Testing, Testing

Kathy Sawyer has an article in the WaPo today about the fundamental problem with the shuttle (though one would think from the title of the piece–“Panel Decries View of Spaceflight as Routine”–that it’s one intrinsic to spaceflight itself).

The Shuttle has always been a development program, and many of us thought it absurd back in 1982 when it was declared “operational” by President Reagan in a ceremony at Edwards (which I attended). As the article points out, the Shuttle has had fewer total flights than an aircraft undergoing certification.

While I agree that as long as NASA continues to fly the Shuttle, they should do it in much more of an R&D mode, I fear that such criticism will make it harder to persuade people that space transports don’t have to be like the Shuttle.

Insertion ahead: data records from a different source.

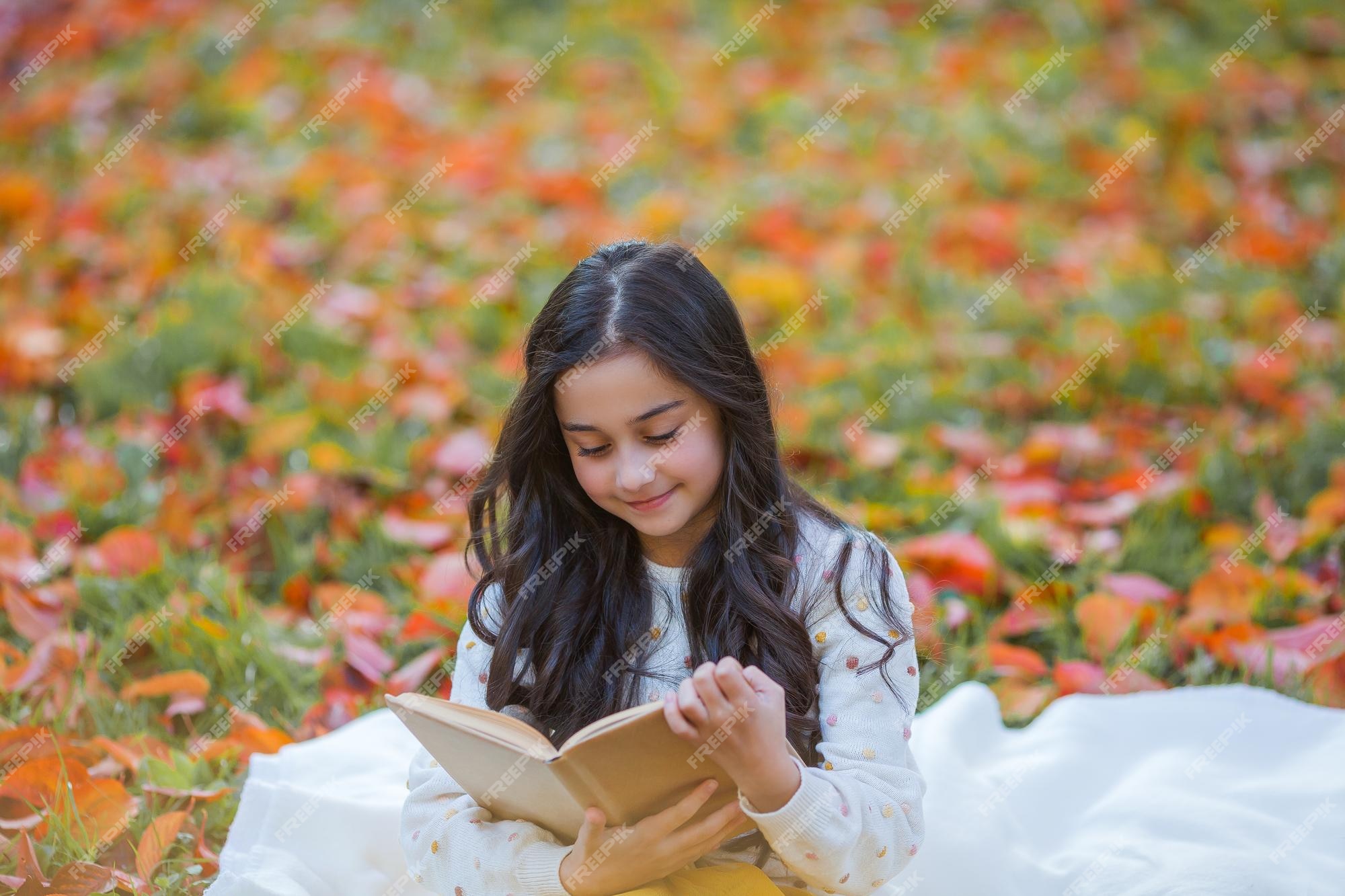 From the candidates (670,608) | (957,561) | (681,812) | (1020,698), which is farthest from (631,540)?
(957,561)

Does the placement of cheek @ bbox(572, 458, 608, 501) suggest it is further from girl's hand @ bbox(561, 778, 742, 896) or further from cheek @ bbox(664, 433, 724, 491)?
girl's hand @ bbox(561, 778, 742, 896)

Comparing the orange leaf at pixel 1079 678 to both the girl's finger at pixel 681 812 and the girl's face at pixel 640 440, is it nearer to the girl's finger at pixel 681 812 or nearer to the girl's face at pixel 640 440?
the girl's face at pixel 640 440

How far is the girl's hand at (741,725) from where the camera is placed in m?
1.35

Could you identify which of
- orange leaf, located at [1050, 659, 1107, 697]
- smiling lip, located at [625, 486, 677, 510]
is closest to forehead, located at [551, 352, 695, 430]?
smiling lip, located at [625, 486, 677, 510]

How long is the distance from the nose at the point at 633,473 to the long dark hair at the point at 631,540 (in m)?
0.12

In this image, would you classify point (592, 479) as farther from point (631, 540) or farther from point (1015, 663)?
point (1015, 663)

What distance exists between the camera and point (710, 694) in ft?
4.42

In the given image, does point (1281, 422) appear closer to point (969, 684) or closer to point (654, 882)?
point (969, 684)

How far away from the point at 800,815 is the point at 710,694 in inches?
8.9

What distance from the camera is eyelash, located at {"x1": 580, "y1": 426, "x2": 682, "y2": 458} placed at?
1.66 metres

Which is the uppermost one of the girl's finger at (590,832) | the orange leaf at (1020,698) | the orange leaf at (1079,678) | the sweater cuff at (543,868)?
the girl's finger at (590,832)

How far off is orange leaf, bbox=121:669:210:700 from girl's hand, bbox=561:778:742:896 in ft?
3.75

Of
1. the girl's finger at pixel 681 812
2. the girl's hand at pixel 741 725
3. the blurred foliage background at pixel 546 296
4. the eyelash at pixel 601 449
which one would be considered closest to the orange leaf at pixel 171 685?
the blurred foliage background at pixel 546 296

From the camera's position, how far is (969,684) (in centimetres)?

The Shuttle was doomed to remain a vehicle forever in development back when it was being…well…developed, back in the 1970s. Once the fatal compromises of SRBs and non-flyback boosters, and aluminum skin and tiles, among others, were made, there was little hope of getting the low costs and fast turnaround necessary to get the high flight rates needed not only to prove out the concept, but to reduce per-flight costs.

To save a few billion dollars in that decade, we have since spent many billions in increased operations costs and lost vehicles, not to mention the tragedy of our myopically limited space program, relative to the much more vibrant one we might have had with a more robust low-cost design.